The humanism of those who celebrate the cosmopolitan universe of the Internet and globalization is scarcely more adequate, Finkielkraut feels. It substitutes the playtime of the tourist—clicking his mouse or eating foreign cuisine—for real cultural engagement. It also robs man of his full dignity and excellence, which requires a true sense of cultural, even national, belonging to flourish. The way toward the universal is through a strong sense of the particular. Finkielkraut laments a contemporary false dichotomy between superficial tourism and renascent barbarism.
In the Name of Humanity ends with an alternative to this false dichotomy: “To build a common world with a shared idea of humanity, based on gratitude.” With Arendt, Finkielkraut defines gratitude as an ethos that holds that “all that is given to man and is not constructed, chosen, or desired by him is not necessarily oppressive or alienating.” Gratitude would look to the past, if not with reverence, at least with respect; it would acknowledge that man is not the Lord of Time; it would embrace the fact the man appears in history as men and women, plunged into their various cultures and beliefs; it would provide a basis for a moderate humanism.
What should we think of this analysis of our contemporary condition? Finkielkraut writes with great skill; In the Name of Humanity is often poetic and moving. But at times I longed for the clarity of a historian of ideas like Isaiah Berlin or the willingness to make arguments of an analytic philosopher. Finkielkraut’s style, typically French, asserts when it should argue, and too often what needs spelling out simply hangs on the page begging for development. What, exactly, is Christianity’s role in ushering in the modern humanistic worldview? Finkielkraut can’t tell us. Does his ethic of gratitude seek to restore a richer understanding of the excellences of human nature or look to religion as a response to the weaknesses of contemporary humanism? Or what? Finkielkraut doesn’t say.

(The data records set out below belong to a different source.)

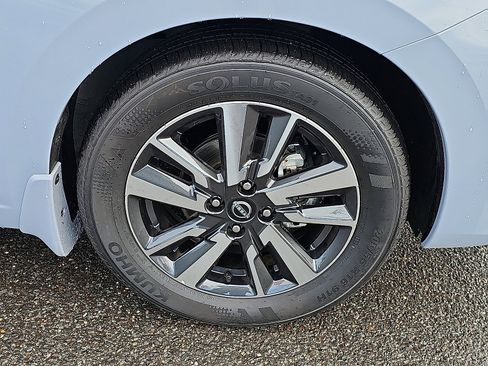 Certified 2025 Nissan Versa SV w/ Trunk Package image 8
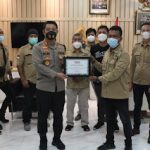 Kapolres Terima Kejutan Dari Ikatan Jurnalis Televisi Indonesia, IJTI Korda Purwasuka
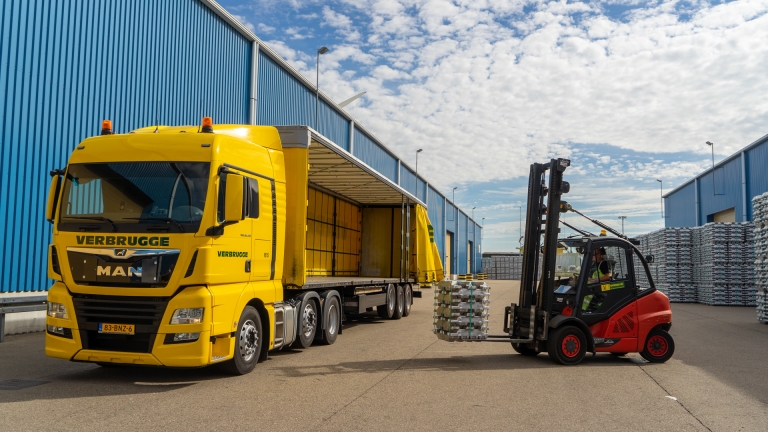 loading aluminium on trailer of  Verbrugge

Moreover, Finkielkraut’s critical acumen occasionally deserts him. Is it really true that the sentimental humanitarianism of today’s Doctors Without Borders, if taken as the fount of our moral vision of the world, “may be just as cruel” as the lethal secular religions of the twentieth century? Finkielkraut can’t truly believe it, but he says it anyway: it sounds impressive. Globalization and the Internet do risk eroding the world’s variety and making us think we can get culture on the cheap. But the information revolution also brings wealth to people long used to economic misery, and globalization gives some men and women the only access they’ve ever had to high culture. Finkielkraut’s view of these dramatic changes is too bleak.
Such criticisms aside, however, In the Name of Humanity is a significant book. Finkielkraut is right to see the weakness of an ungrounded humanism, just as he is right to call for a way of life that restores to the world a dimension of givenness. Solving the deeper problem that Finkielkraut leaves unaddressed—how such a restoration might happen—is the challenge we face today.
Brian C. Anderson is Senior Editor of City Journal, author of Raymond Aron: The Recovery of the Political, and co–editor, with Michael Novak, of Lexington Books’ new series, Religion, Politics, and Society in the New Millennium.